* What you have to do:
What you give must be the lines from the one containing "vidaXL Lit de" through the last line of the listing below, exactly, with nothing else and no pictures.

* Data shown:
- - -

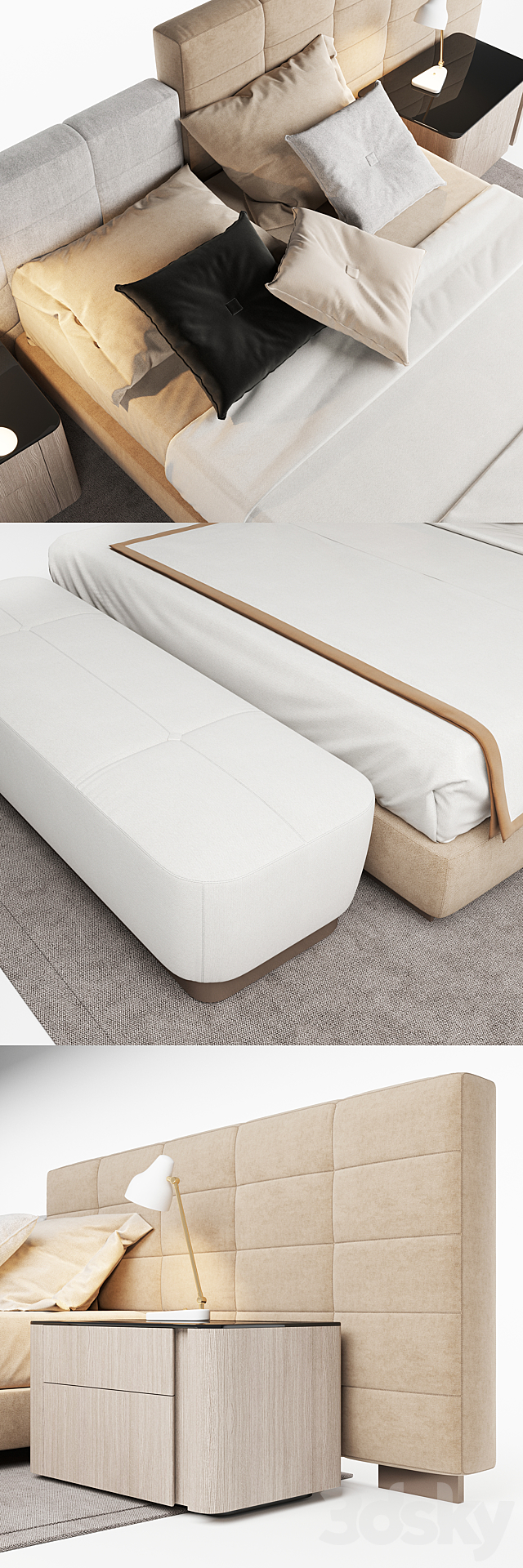 Minotti Lawrence Bed 3DSMax File - thumbnail 2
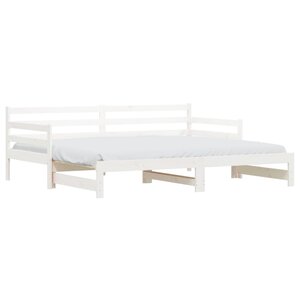 vidaXL Lit de jour avec lit gigogne blanc 90x190 cm bois de pin massif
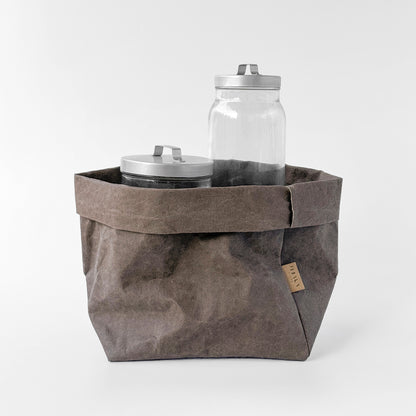 Large cocoa brown washable paper bag, two jars, white BG—eco reusable storage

- - -

* Solution for this task:
 vidaXL Lit de jour avec lit gigogne blanc 90x190 cm bois de pin massif
 Large cocoa brown washable paper bag, two jars, white BG—eco reusable storage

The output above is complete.